Healthy Aging

For Your Eyes Only: Improving Your Vision Care

Allecia Vermillion
Aa Aa Aa
 
Print

What seniors should know about preventing and treating glaucoma, cataracts and macular degeneration.

After a lifetime of clear vision, Dr. Jacqueline Hott began to worry about her eyesight shortly after her 80th birthday party.

“Anything peripheral fell into the shadows,” she recalls. As the shadows grew and worsened—and a fender bender scared her enough to stop driving—she went in for a checkup.

Despite a healthy lifestyle and minimal risk factors, she was diagnosed with glaucoma. Now 88, Hott has had several surgical procedures to stave off further vision loss, unfortunately without success. While glaucoma has not stopped her from continuing her full-time work as a psychotherapist in Great Neck, New York, she is now legally blind and often needs to ask others for help.

Hott is one of an estimated 3 million Americans who suffer from this degenerative eye disease. Glaucoma, cataracts and macular degeneration are some of the most common health concerns adults face as they age, and the leading causes of blindness, according to the Glaucoma Research Foundation.

Fortunately, preventive measures and treatments may help preserve eye health and help those who are already living with limited vision to remain active and engaged in daily life.

Glaucoma

Glaucoma is a diagnosis that encompasses several eye conditions often involving damage to the optic nerve, according to the Mayo Clinic. These complex conditions are often characterized by higher-than-normal pressure inside the eye, and symptoms tend to worsen over the span of the disease (potentially leading to complete vision loss).

The risk of glaucoma increases with age, so older adults are particularly susceptible. But even babies can be born with the condition, and it can emerge at any age.  

“Glaucoma is something we really need to screen for,” says Dr. Samantha Weller, an ophthalmologist and associate professor at Loma Linda University Medical Center who treats seniors for vision issues. “It’s a silent disease—you don’t notice you’re losing your side vision until it’s quite advanced.”

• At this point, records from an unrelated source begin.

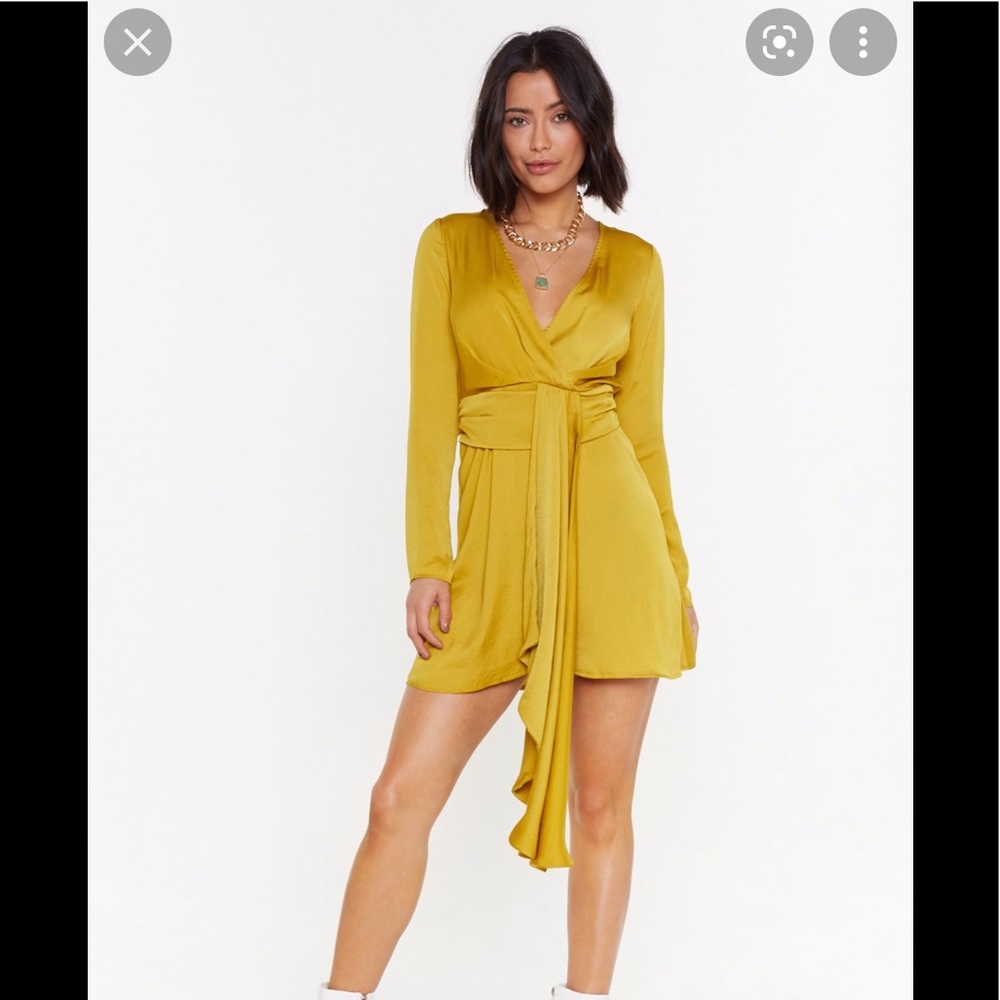 Anything could satin drape mini dress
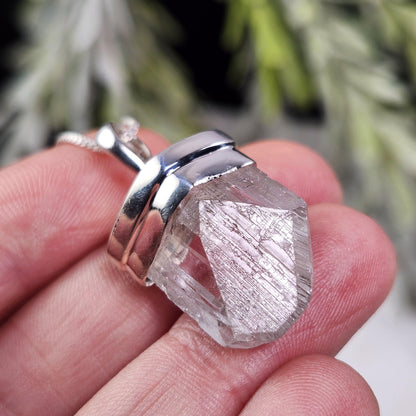 Danburite Crystal Pendant, Sterling Silver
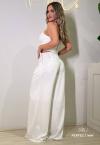 CALÇA PANTALONA FEMININA C/ PREGAS OFF WHITE PERFECT WAY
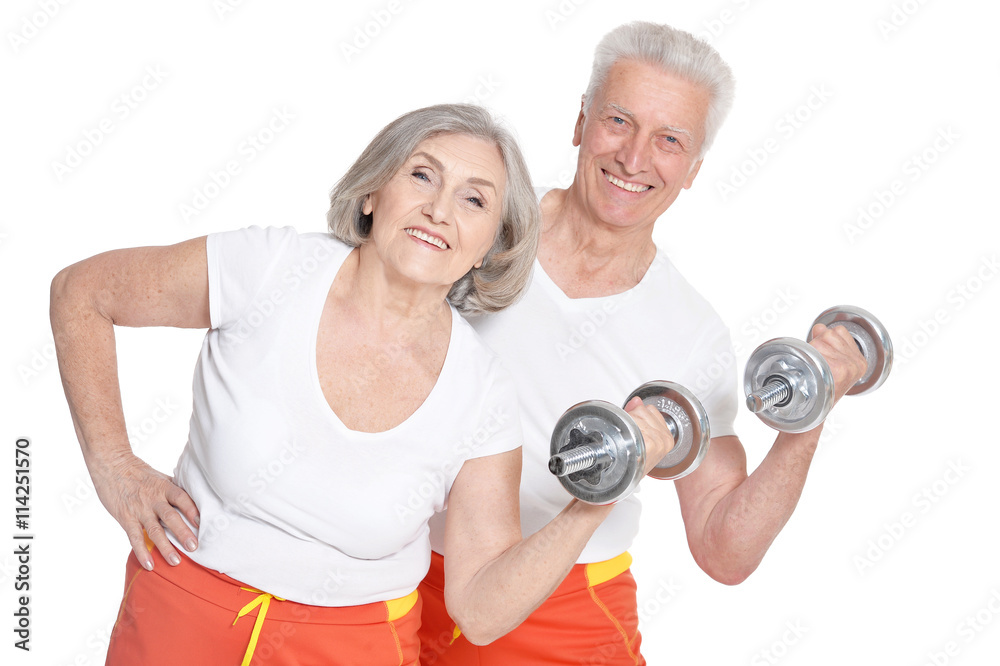 Canvas Prints Portrait of Senior Couple Exercising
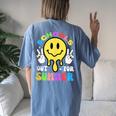 Smile Face Teacher Last Day Of School Schools Out For Summer Women's Oversized Comfort T-Shirt Back Print Blue Jean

Regular vision screenings can catch some types of glaucoma. Weller recommends people age 55 and older have an annual dilated eye exam to rule out stealthier forms. While healthy lifestyle choices such as eating well, staying active, not smoking and protecting eyes with sunglasses offer insurance against diabetic conditions and some eye problems, Weller says none has been proven to prevent or lessen the effects of glaucoma. This makes annual vision screenings more important than ever.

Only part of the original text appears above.